Why Greece’s market forays could start with a 15-year bond in 2022
Greece’s debut on the bond markets in 2022 appears to be a matter of days, in a year when the borrowing strategy of the Public Debt Management Agency will once again be front-heavy: Some 75-80% of the 12 billion euros Athens intends to raise for the entire year will come from issues during the first six months.
Given that the European Central Bank’s PEPP bond-buying program runs to end-March, so purchases of Greek bonds will be higher than during the reinvestments program starting in April, this first quarter of 2022 will be the busiest for the PDMA.
Recent pressure on Greek bond prices – as with other sovereign debt papers – that has prevented an earlier market foray does not seem to concern the Finance Ministry, “as long as the yields do not exceed 3% – i.e. the average long-term cost of borrowing,” according to a source. After all, international agencies have also forecast that 2022 will be a year of borrowing cost increases globally, partly due to the monetary policy swing.
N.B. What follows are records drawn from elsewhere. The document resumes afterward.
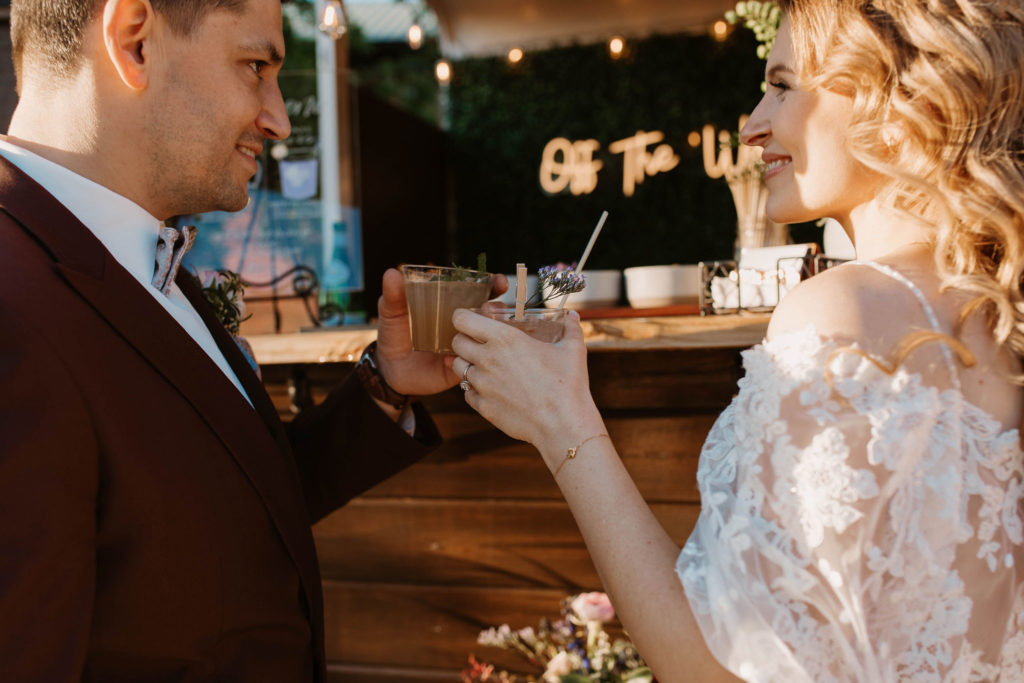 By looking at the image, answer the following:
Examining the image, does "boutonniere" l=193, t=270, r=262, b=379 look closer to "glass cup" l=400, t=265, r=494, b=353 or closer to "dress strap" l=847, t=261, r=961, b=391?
"glass cup" l=400, t=265, r=494, b=353

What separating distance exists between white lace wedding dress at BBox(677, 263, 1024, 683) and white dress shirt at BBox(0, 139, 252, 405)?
2.94 ft

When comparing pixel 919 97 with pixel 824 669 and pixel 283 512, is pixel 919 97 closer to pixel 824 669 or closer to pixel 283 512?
pixel 824 669

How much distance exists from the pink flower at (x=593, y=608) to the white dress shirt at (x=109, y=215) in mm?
1134

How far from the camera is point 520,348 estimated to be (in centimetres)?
132

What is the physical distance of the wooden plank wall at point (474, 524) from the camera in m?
2.33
Market experts say the first market foray will likely concern a benchmark 10-year issue for a typical and safe launch into 2022, as the PDMA has tended to do recently. That is also the expectation for January by analysts at Citigroup, JPMorgan, Danske Bank and DZ Bank. Still, the 10-year bond issued a year ago had a yield of 0.81%, a historic low, while its interest today (as a nine-year paper) tops 1.5%, which means that the yield of a new 10-year issue will be more than twice as high as last year’s. Consequently, if the ministry wished to broadcast a signal about Greece’s cost, such an issue would not be the main choice.
Given the above, a 20-year issue might be a better option, following the example of Portugal, offering a relatively high premium for a new issue. Societe Generale analysts Ninon Bachet and Sean Kou told Kathimerini that they expect Greece’s first foray this year to concern a 15- or a 20-year bond, more likely through the reissue of the 15-year paper dating since 2020. That was issued with an interest of 1.91%, and its yield (as a 13-year paper maturing in 2035) currently stands at 1.67%.
On the other hand, the PDMA usually tends to make its year debut in the market with a new benchmark bond and not by reopening previous issues.